Truffaut est exceptionnel dans son rôle qui n'en est un qu'à moitié (il faut quand même souligner que sur le plateau il avait deux films à diriger : La nuit américaine et Je vous présente Pamela). On sent son désir de réaliser un film personnel sur sa vision du cinéma et de ses coulisses, notamment avec ses flashbacks de lui enfant volant des affiches de cinéma. Tous les acteurs sont vraiment bons, surtout la sublime Jacqueline Bisset en star américaine sortant de dépression ou bien Jean Pierre Léaud tellement insupportable mais en même temps tellement plaisant à regarder (mention spéciale à sa réplique d'homme abattu par sa rupture : "Quelqu'un aurait 10 000 francs pour que j'aille aux putes?"

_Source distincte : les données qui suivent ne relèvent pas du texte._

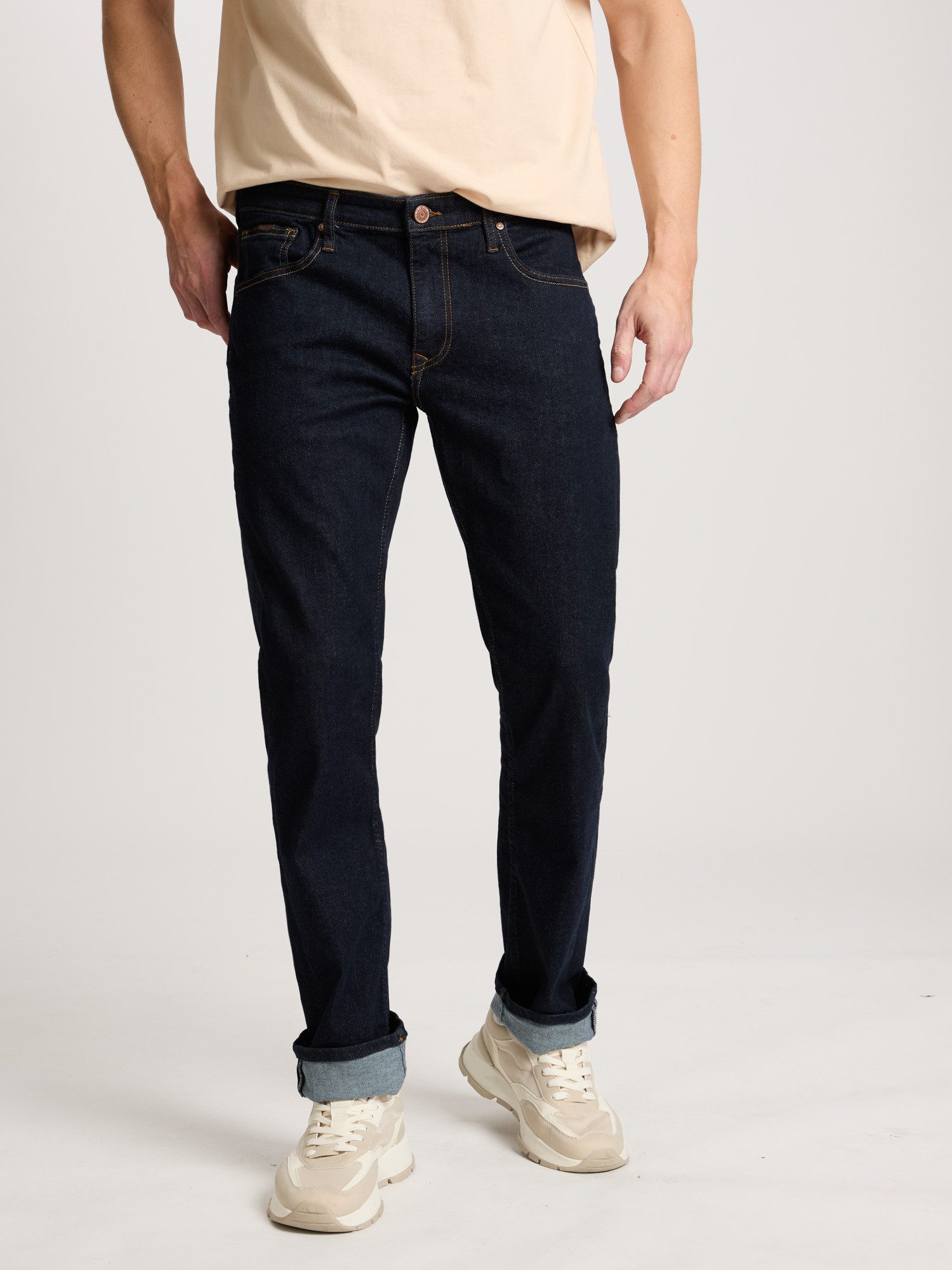 CROSS JEANS® Slim-fit-Jeans Damien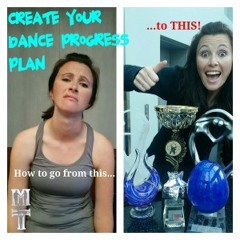 Create Your Dance Progress Plan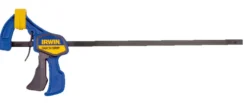 Irwin Quick Grip enhåndstvinge 150 mm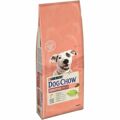 Penso Purina Dog Chow Sensitive Adulto Salmão 14 kg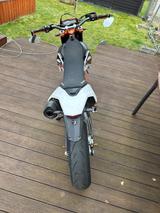 KTM SMC 690R (6500€ - 07.04.2026) - KTM 690
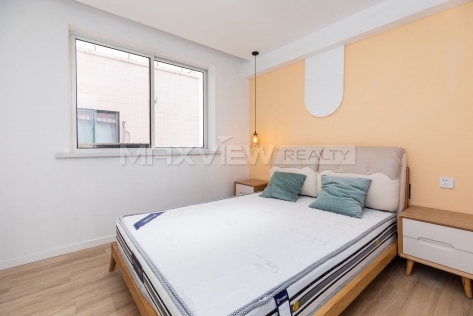 Shanghai DaZhong Apartment 2br 115sqm in Xujiahui | 上海大众汽车公寓 2bedroom 130sqm ¥19,800 SHA20274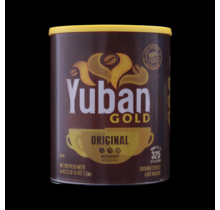 Yuban Gold Original Coffee 2LB Stash Can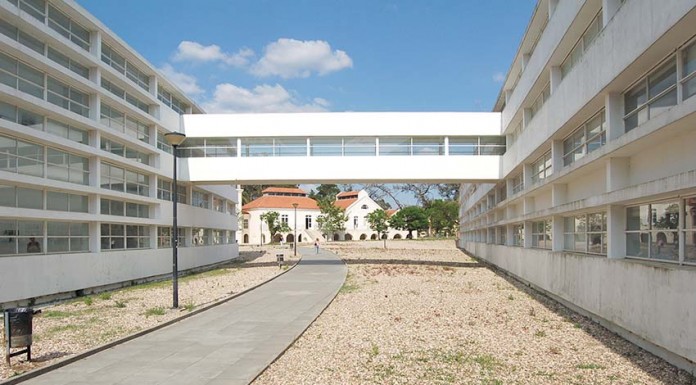 ESAD preencheu 96% das vagas na primeira fase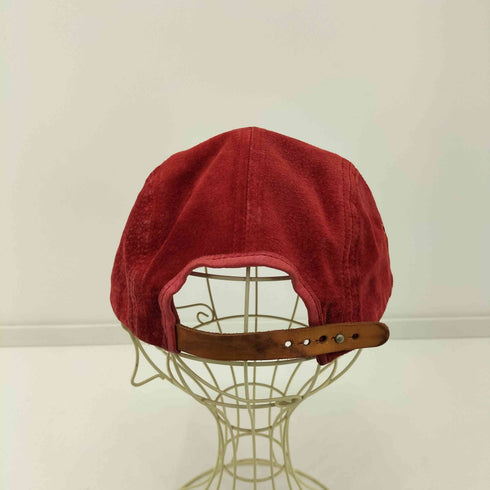 エンダースキーマ Hender Scheme pig jet cap メンズ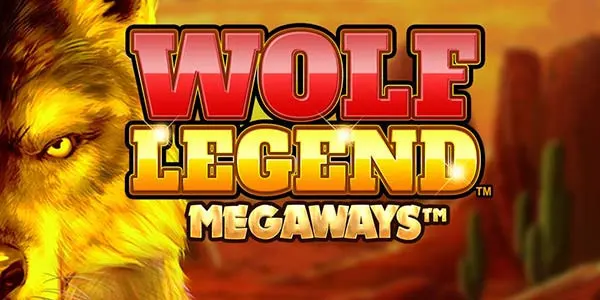 Wolf Legend Megaways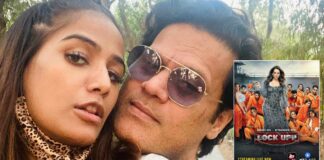 Lock Upp: Poonam Pandey Opens Up On Her Troubled Relationship With Estranged Husband Sam Bombay - Deets Inside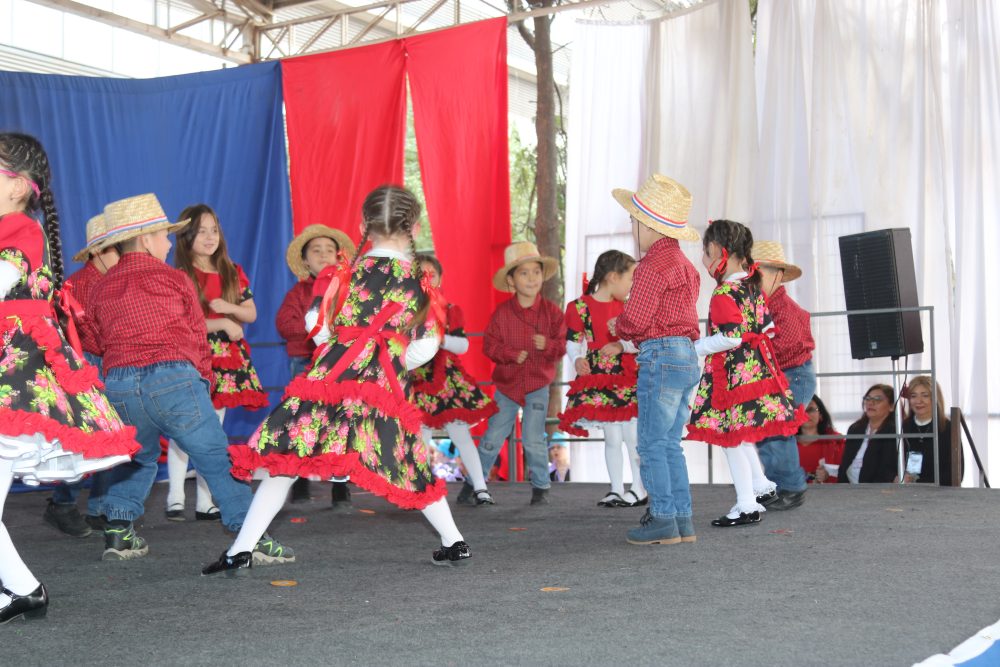 Fiesta de la Chilenidad 2024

On a accès à ce qu'on ne voit pas lorsque l'on va au cinéma, on découvre comment les acteurs apprennent ou récitent leurs textes, comment la lumière est gérée, comment les cascades sont réalisées, la pluie, la neige, qui fait quoi sur un plateau...
On est aussi en immersion dans une équipe qui doit cohabiter, avec ses problèmes, ses tracas, ses disputes... tel une colonie de vacance ou bien Les Ch'tis à Miami. Les personnages s'entendent plus ou moins bien, couchent ensemble, mangent ensemble, se détestent... Mais chacun doit être là au bon moment quand le réalisateur crie "Action!". Par ailleurs, Truffaut souhaite avant tout le montrer non pas comme des professionnels qui travaillent pour gagner leur vie mais comme des passionnés qui vivent pour le cinéma. Exemple : quand l'accessoiriste et le régisseur se précipitent sur la TV pour répondre aux questions sur le cinéma ; cette envie permanente d'Alphonse d'aller au cinéma ou cette réplique de l'assistante réal' : "Je pourrais quitter un type pour un film mais jamais un film pour un type!"
Truffaut signe ici sans doute le plus beau film sur le cinéma, et aussi l'un des plus beaux hommages, appuyé par des scènes comme les gros plans sur une série d'ouvrages achetés par Ferrand (Truffaut) consacrés aux plus grands génies du cinéma.